Nuts and bolts of deep learning

Andrew Ng

It makes sense to build a AI team and a systems team, because as seen in the following trend, the state of the art is is towards larger, higher performance and complex deep learning.


In [51]:
# Simple trend visualization
from matplotlib import pylab as plt
import numpy as np
x = np.arange(0., 5., 0.2)
plt.plot(x, x/2, '-k', label='small NN')
plt.plot(x, x/3, '-r', label='trad. ML')
plt.plot(x, x/4, '-b', label='med.
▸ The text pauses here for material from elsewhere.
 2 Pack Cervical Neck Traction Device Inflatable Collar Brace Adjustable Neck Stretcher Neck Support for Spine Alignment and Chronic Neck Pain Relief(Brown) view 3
NN')
plt.plot(x, x/5, '-g', label='large NN')
plt.legend(loc='upper right')
plt.xlim(0, 5)
plt.ylim(0, 5)

plt.xlabel('Data')
plt.ylabel('Performance')
plt.title('Deep Learning Trend')
plt.show()


DL can generally be categorized in a few buckets

General DL

  • FC Layers

Sequence Models

  • RNN/LSTM/GRU

Image

  • 2D/3D/CNN

Other:

  • RL

Of the three, Andrew thinks that RL is the future of machine learning, while current industry centralizes around the first three buckets

End to end DL

$$review \rightarrow sentiment_{0/1}$$$$image \rightarrow object_{1..n} $$$$audio \rightarrow transcript$$$$language_1 \rightarrow language_2$$$$parameter \rightarrow image$$

Speech

Traditional: $$audio \rightarrow phonemes \rightarrow transcript$$ Deep: $$audio \rightarrow transcript$$

A failing of this is the need for huge amounts of labeled data

Images

Traditional: $$image \rightarrow bone \ lengths \rightarrow age$$ Deep: $$image \rightarrow age$$

Self-driving car

Traditional: $$image \rightarrow cars \mid pedestrians \rightarrow trajectory \rightarrow steering$$ Deep: $$image \rightarrow steering$$

With a caution that for something like driving, the dataset required for end-to-end training could be prohibitively massive

Example goal: build a human-level speech system

  • Obtain dataset, split into train/dev/test

Measure the following things:

A

  • Human-level error 1% <- Bias

  • Training set error 5% <- Bias

  • Dev set error 6%

B

  • Human-level error 1%

  • Training set error 2% <- Variance

  • Dev set error 6% <- Variance

C

  • Human-level error 1% <- Bias

  • Training set error 5% <- Variance

  • Dev set error 10% <- Variance

An example workflow

Data synthesis:

  • OCR
  • Speech Recognition
  • NLP
  • Video Games (RL)

Have a unified data warehouse